Elizabeth Sheehan was thumbing through Foreign Affairs magazine last year when an article and photo caught her eye. The story, headlined “The Global Health Burden,’’ addressed the failure to deliver rural health care in developing countries. The photo of a prototype clinic was intriguing. Sheehan peered more closely: Could it really be one of those ugly metal shipping containers that litter ports everywhere?
“It was my ‘aha!’ moment,’’ Sheehan says.
That was the birth of Containers2Clinics, a nonprofit that aims to recycle the metal boxes into clinics serving the poor in the developing world. Sheehan’s first “container-to-clinic’’ will be on display at the Institute of Contemporary Art at a launch party Nov. 16. “There are 20 million of them rotting all around the world,’’ Sheehan says. “They’re often just used once. Ten million children a year are dying of treatable illnesses because there’s no clinic, no doctor or nurse, no medication.’’

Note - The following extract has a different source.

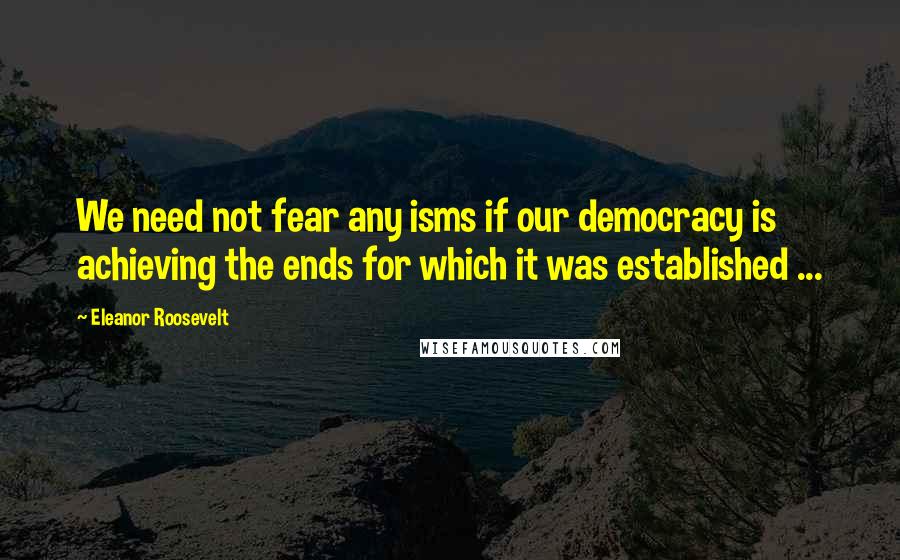 Eleanor Roosevelt Quotes: We need not fear any isms if our democracy is achieving the ends for which it was established ...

Sheehan, who lives in Dover with her two children and two dogs, is not the typical suburban soccer mom and do-gooder. Sure, her spacious home with its landscaped lawn overlooks the Charles River, and her living room is filled with art from her travels. But those travels were largely in developing countries, where she lived for many years. Now armed with a plan to turn metal boxes into medical bases, Sheehan believes she can radically improve health care in rural outposts where people have never seen a doctor or nurse.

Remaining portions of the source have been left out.